Souvenir from the First World War

November 2017

Souvenir from the First World War

During the First World War there was sufficient time in the trenches to smoke a pipe. The personal tobacco pipe offered comfort to the soldier while smoking and was often a souvenir from home. From the English side, countless wooden soldier's pipes are now known. A rare example of a German soldiers’ pipe is discussed here. It is a practical pipe with an oval shaped porcelain bowl mounted in a moisture trap to collect the tobacco juice. Many rural people still smoked such pipes just beforethe First World War, although the object was certainly old-fashioned at the time. At the beginning of the nineteenth century, these porcelain pipes were painted extremely artfully, but a century later, that high-level craftsmanship is no longer as this pipe clearly shows. The pipe bowl shows a primitively painted inscription of a dilettant, made in a hurry just in time to to go to the font in the soldier's whip. With an overly thick brush, the bowl was labeled with an inscription dedicated to the Armee Korps XV that was stationed in 1914 in the Belgian town of Wervik.

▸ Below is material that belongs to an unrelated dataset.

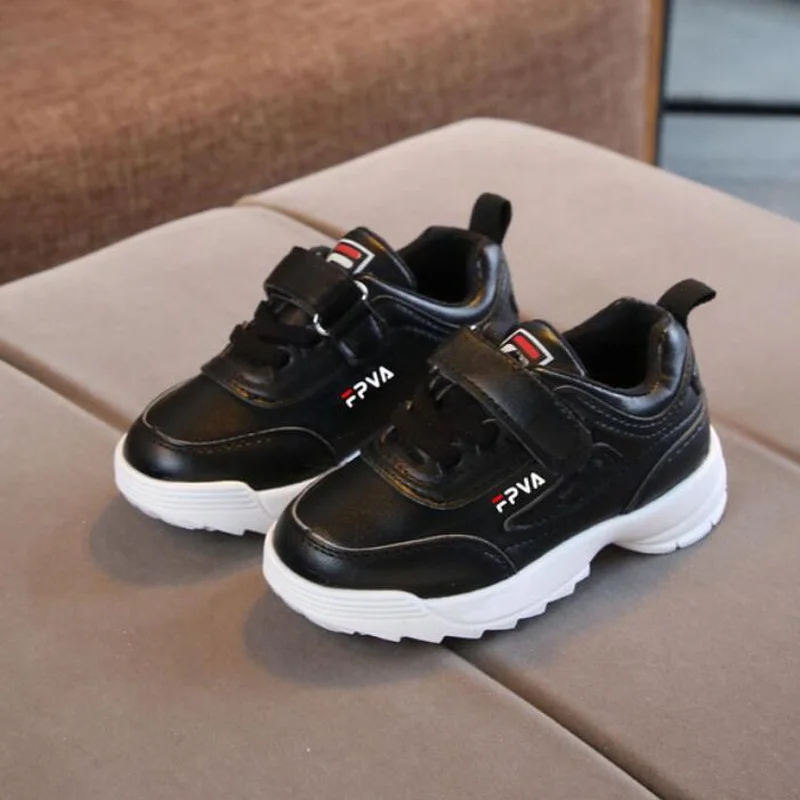Kids Boys Girls Fashion Sneakers Baby Toddler Little Kids Leather Trainers Children School Sport Shoes Child Soft Running shoes sports shoes baby shoes kids sneakers kids shoes kids sports shoes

That regiment consisted of soldiers predominantly from Alsace and Lorraine. In October 1914 they occupied the tobacco town in preparation for poison gas attacks. The designation IR 126 on the pipe bowl stands for Infantry Regiment number 126 led by Grand Duke Friedrich von Baden. Wervik and the surrounding area sufferd a lot from the Germans, just as most of Flandres. This ugly pipe is a remarkable reminder of their presence. The question arises who was honored with such a misshapen product.